I am new to GMAT preparation so need some help from you veterans .I cannot understand this question.As per my understanding x% of x% of any number is always less than x% of that number.For example, 10% of 10% of 100 : Since there is no bracket ,I can start from the left hand side .10% of 10% is 1% . 1% of 100 is 1. Now to the second part ...x% less than y,which means 10% less than y,which is nothing but 90.So 1 is always less than 90 . Obvously I have got it all wrong ,but I cannot interpret it in any other manner .Please help .

Regards, arijitb1980

From your computations it is clear that \(x\) cannot be 10. But it doesn't mean that there is no value of \(x\) for which the equality holds.

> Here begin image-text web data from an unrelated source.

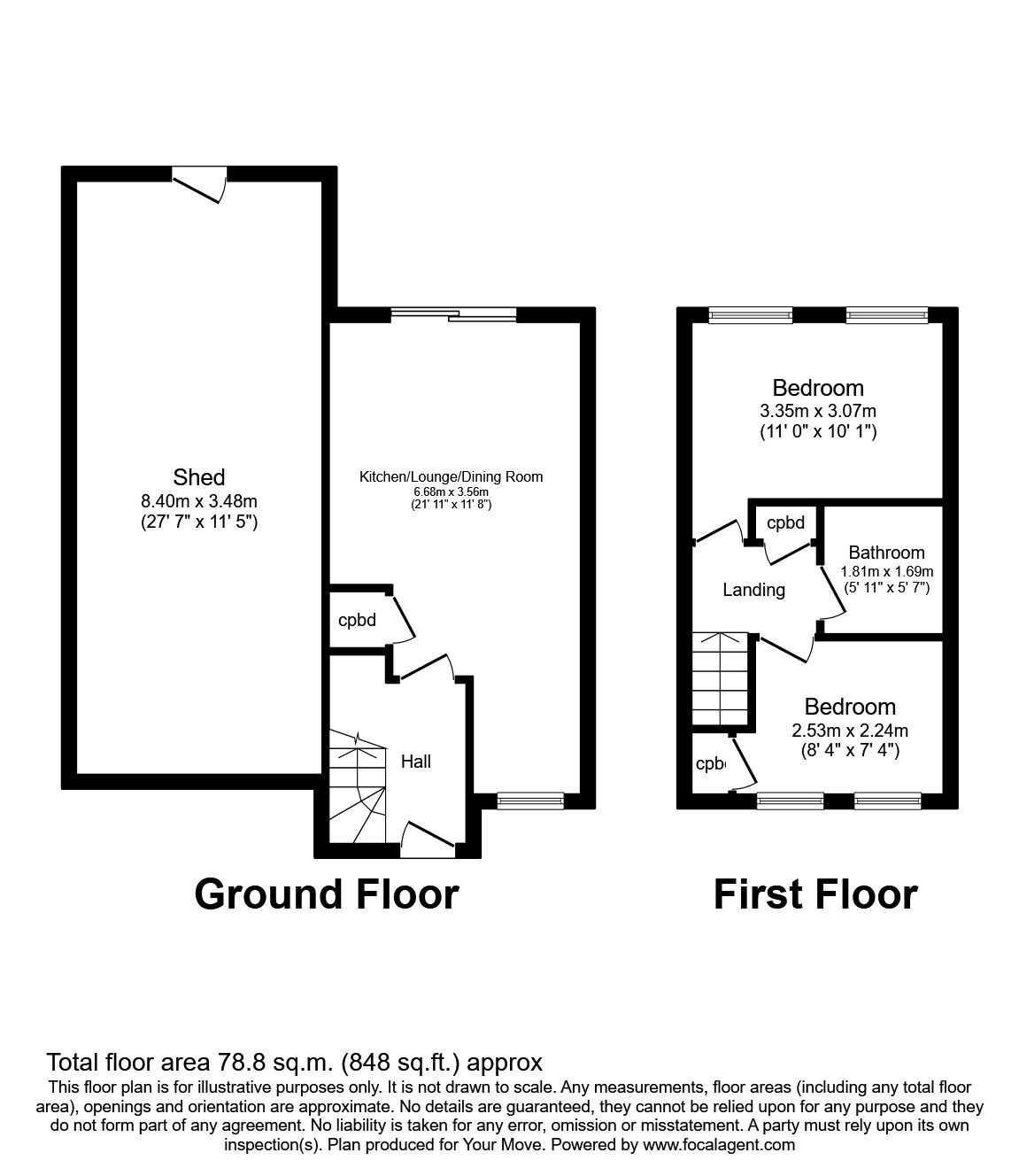 Floorplan of 2 bedroom End Terrace House to rent, Henley Close, Walderslade, Kent, ME5
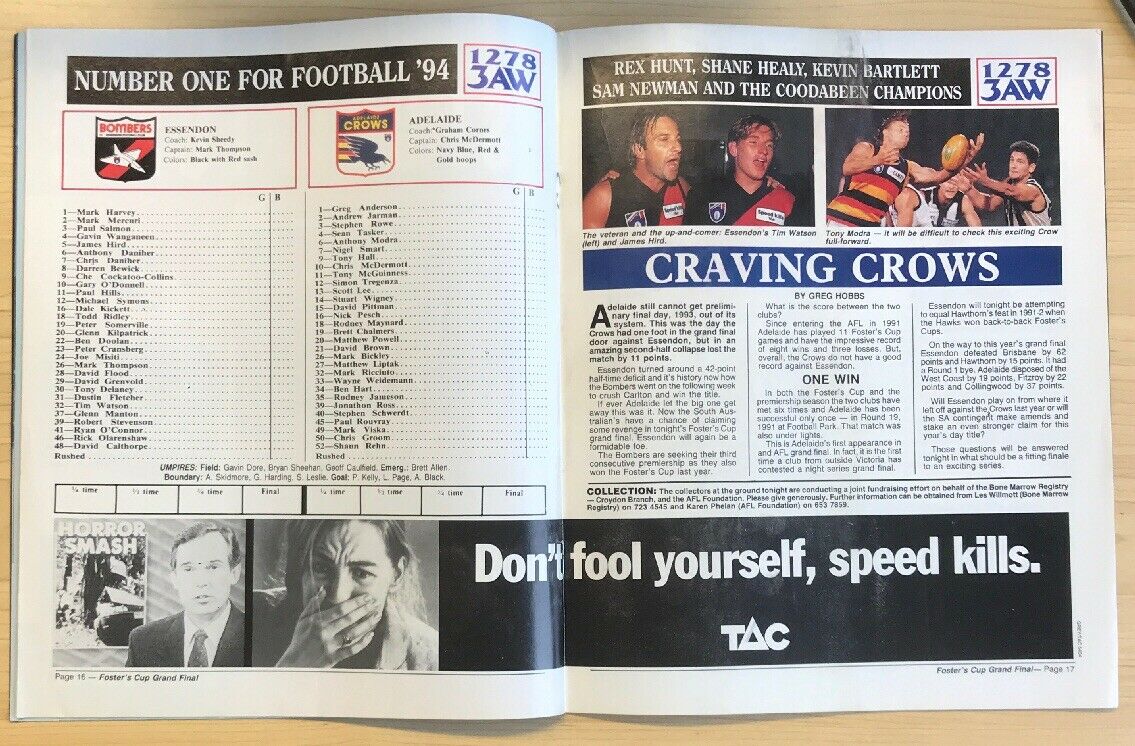 AFL 1994 Fosters Cup Grand Final Football Record Adelaide v Essendon - Image 3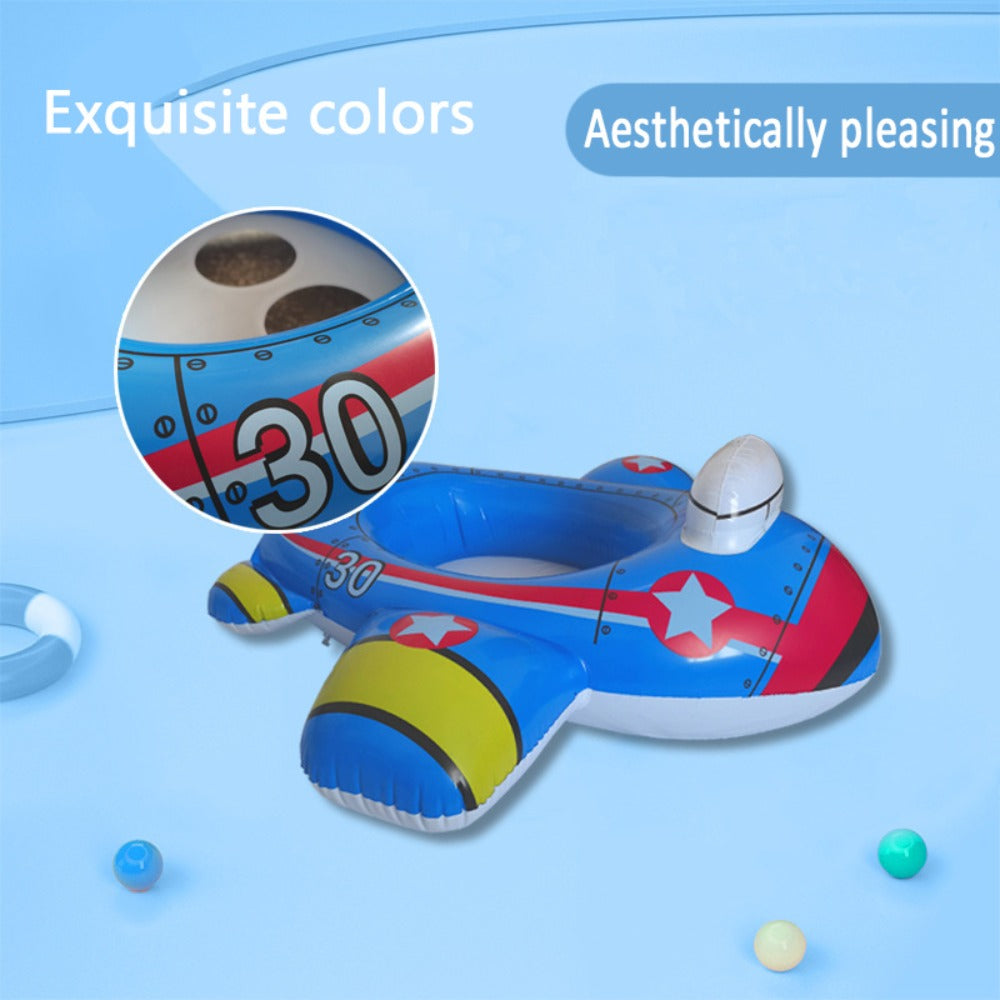 Airplane Inflatable Pool Float for Kids – Novelty Plane Swim Ring Floatie Tube for Swimming Pool, Lake, Beach & Summer Pool Party, Fun Aviation Design Water Toy, 1 Pack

Translating the question into an equation: is \(\frac{x}{100}*\frac{x}{100}y=(1-\frac{x}{100})y\)?

(1) If \(y=0,\) then the equality certainly holds. Dividing through by \(y,\) the equation becomes \(x^2+x-10,000=0.\) You can solve this quadratic and the positive root is approximately \(61.8.\) So, here is the answer: for \(x=61.8\), \(x%\) of \(x%\) of \(y\) is \(x%\) less than \(y.\) Sufficient.

(2) We can deduce that \(y\neq0\) but we don't know anything about \(x.\) Not sufficient.

Answer A _________________

PhD in Applied Mathematics Love GMAT Quant questions and running.

Re: Is x% of x% of y equal to x% less than y ? (1) x(x + 100) = [#permalink]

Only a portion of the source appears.